Um, that would be a NO.

So last week I got busy. I searched for recipes all over the internet and found a bunch for the Morning Glory Muffins the kids make for their healthy lunch week. I combined, altered, tweaked, and experimented, and they turned out SCRUMPTIOUS!
But the make-your-own dog biscuits were a disaster. The dough would NOT stick together. It refused to be rolled out to a half-inch thickness. It was so tough and leathery you could NOT cut it with bone-shaped cookie cutters, even if I had had a bone-shaped cookie cutter, which I didn't. The first batch looked grotesque. (Yes, Tanky-the-dog did eat one happily, but this is the same dog who had to be stopped from eating out of the cat's litter box, so this sets the bar pretty low.)
I tried again, adding a couple of tablespoons of vegetable oil and using smaller cookie cutters, and this time the results were more aesthetically pleasing:
Next up: the cat cookies with tuna fish mixed into them (ick! but, yes, the dog ate one of these, too), and home-made granola (pretty yummy).

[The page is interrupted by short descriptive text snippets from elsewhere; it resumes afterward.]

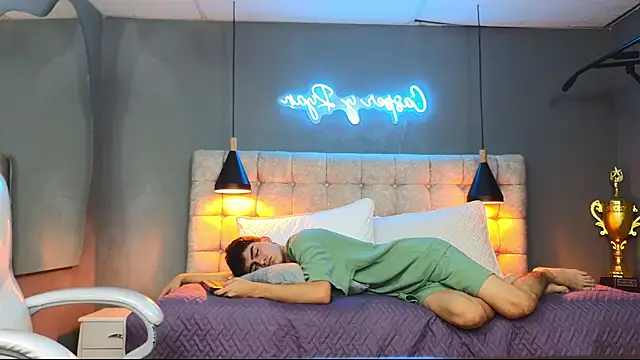 Tommy18   online show from 5, 3, 2025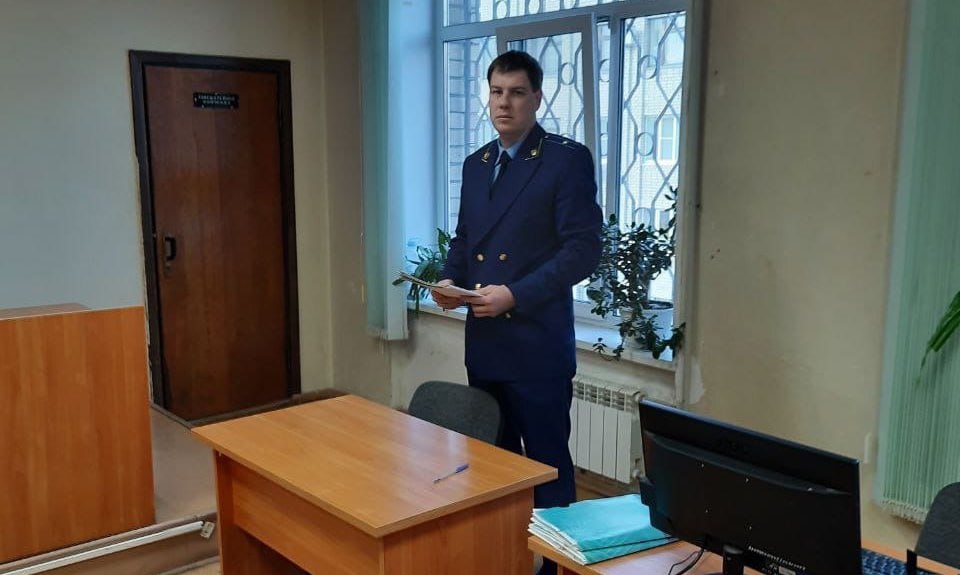 В Балаково вынесен приговор по делу о невыплате заработной платы Прокуратура г. Балаково поддержала государственное обвинение по уголовному делу по обвинению 45-летнего жителя города. Он признан виновным по ч. 2 ст. 145.1 УК РФ частичная и полная невыплата заработной платы . Установлено, что в период с сентября 2023 года по май 2024 года мужчина, являющийся генеральным директором ООО "Монтажно-производственое объединение "Технология" допустил частичную свыше 3 месяцев и полную свыше 2 месяцев невыплату заработной платы 57 работникам организации, чем нарушил их конституционные права на вознаграждение за труд и достойное проживание. В результате чего у него перед работниками образовалась задолженность на общую сумму около 5 млн рублей. Подсудимый свою вину в инкриминируемом деянии признал полностью, в содеянном раскаялся. Суд назначил виновному наказание в виде штрафа в размере 200 тыс. рублей.
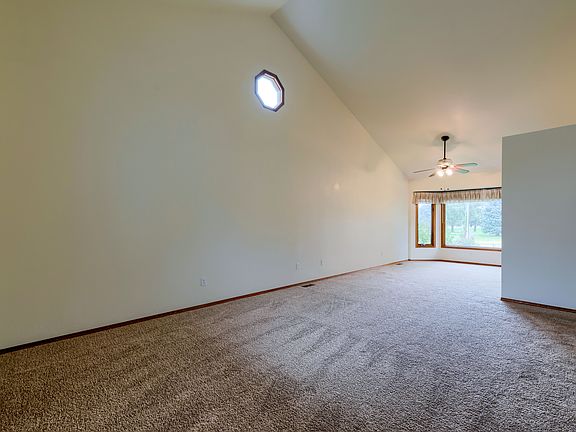 4th image of 2510 52nd Avenue Ct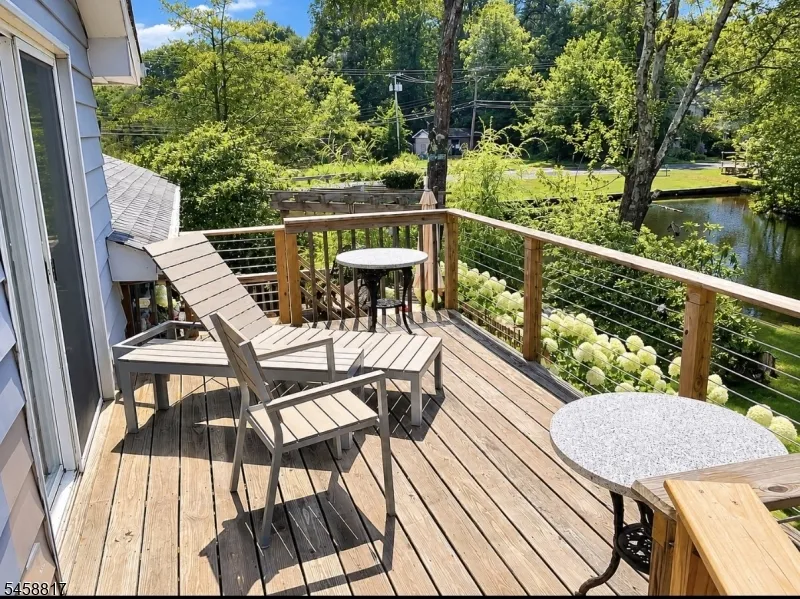 120 E Shawnee Trl Jefferson, NJ 07849
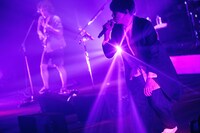 片岡健太（右 / Vo, G）（撮影：後藤壮太郎）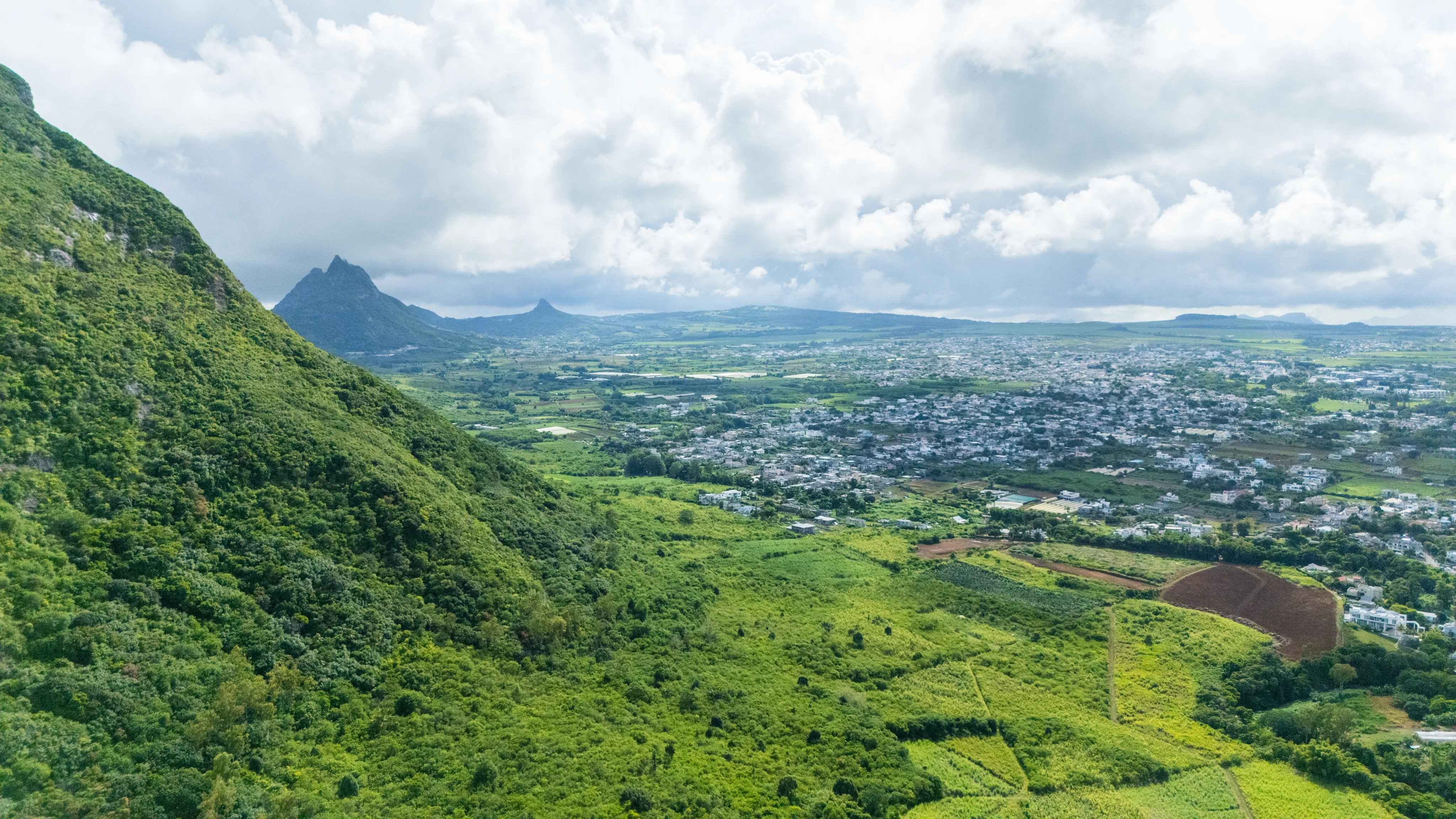 748078df8eb2119b5da205d830c79cbc 433a8ac1d6 4096 original - Translation missing: en.helpers.application.image_tag.default_alt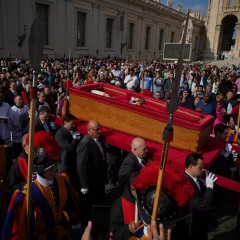 Funeral del Papa Francisco: último adiós con más de 250.000 personas en San Pedro y la Basílica de Santa María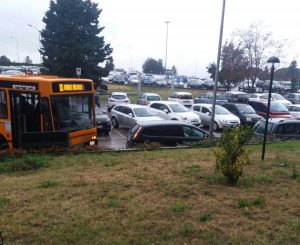 Viterbo - Ospedale Belcolle - Autobus bloccato davanti al reparto malattie infettive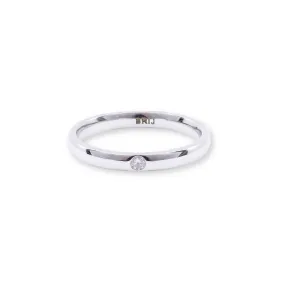 18K WHITE GOLD COMFORT-FIT BAND WITH SINGLE ROUND BRILLIANT DIAMOND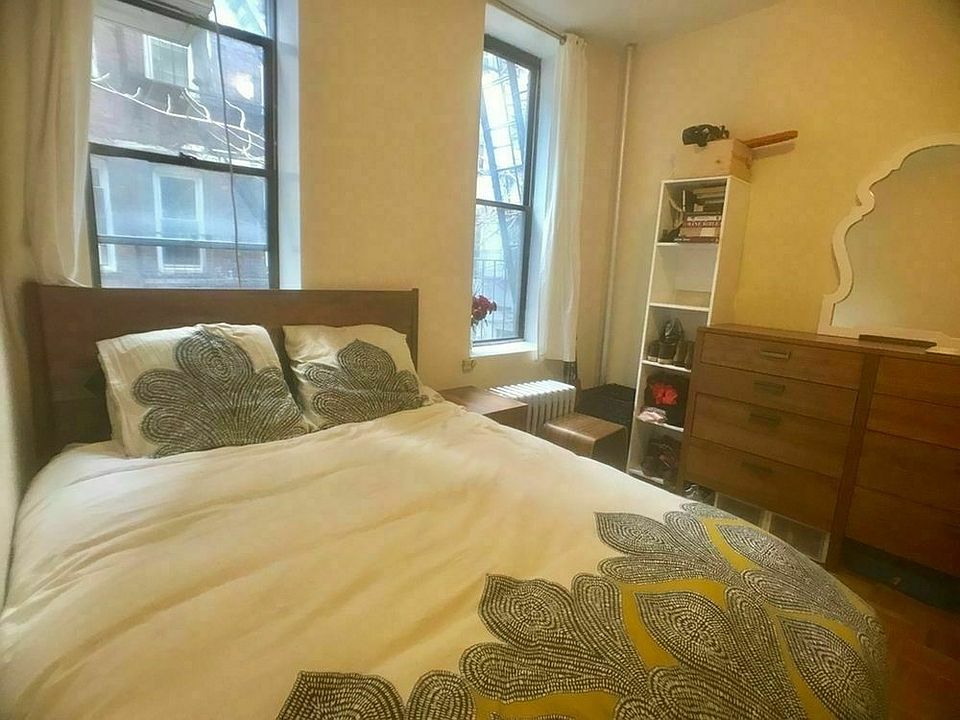 2nd image of 106 Mac Dougal St #2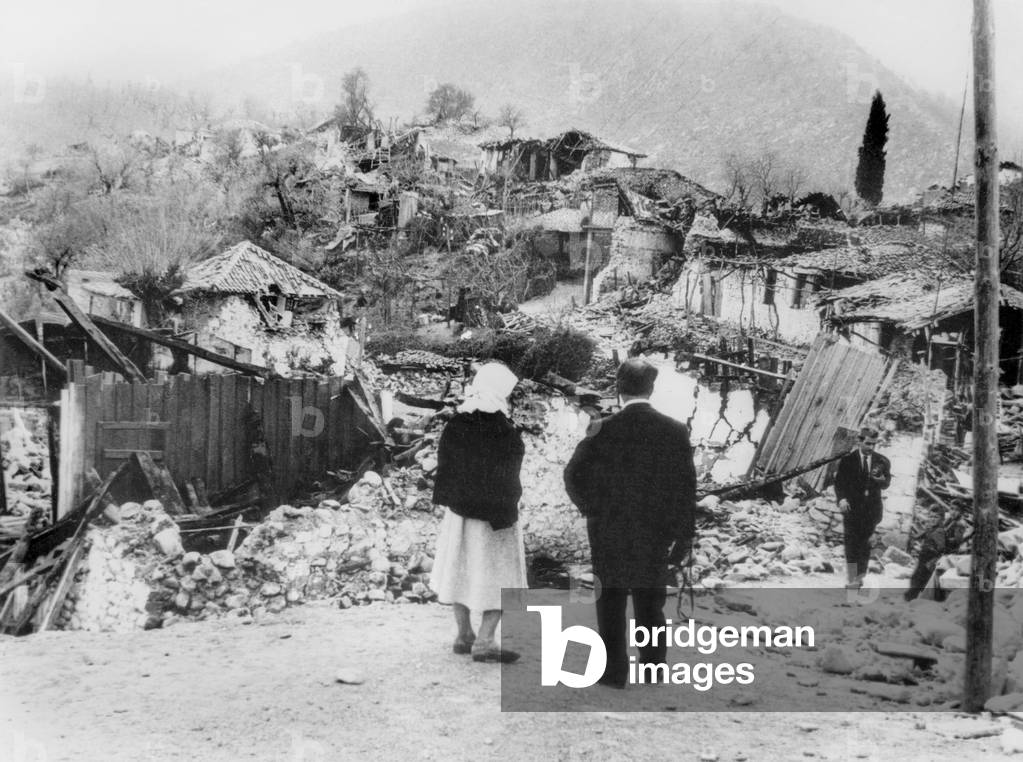 Earthquake in Greece in Apidista : view of the rubble on April 8, 1965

Still lying ahead, the greatest challenge of all. Nixie's team is the one that makes the saag paneer for the Trip around the World feast. Luckily, I put out a plaintive plea on Facebook for a simplified recipe, and a brilliant children's book author friend, Varsha Bajaj, sent me one, which I'm planning to try, bravely, this afternoon. Wish me luck!

Here, today, I offer you the Morning Glory Muffin recipe. Enjoy!

Morning Glory Muffins

2 cups whole wheat flour
2 tsp baking soda
2 tsp cinnamon
½ tsp ground ginger
¼ tsp salt
2 cups grated carrot
2 cup grated apple
½ cup coconut flakes
¼ cup sunflower seeds
3 large eggs
2 tsp vanilla extract
¼ cup orange juice
1/3 cup honey
½ cup vegetable oil
½ cup seedless raisins

Preheat oven to 375.
Combine dry ingredients in large mixing bowl (flour, baking soda, cinnamon, ginger, salt).
Stir in carrots, apples, coconut, walnuts and seeds.
Beat together eggs, vanilla, orange juicy, honey, and oil.
Fold in the raisins.
Spoon into muffin pan (the recipe makes 18 muffins).

Bake for around 18 minutes (a bit less for darker pans).


  1. Cooking camp sounds like fun. The dog biscuits were probably a disaster for your main character too. Good look with the cooking and the book.

  2. Excellent point, Angela! Thanks for the good wishes!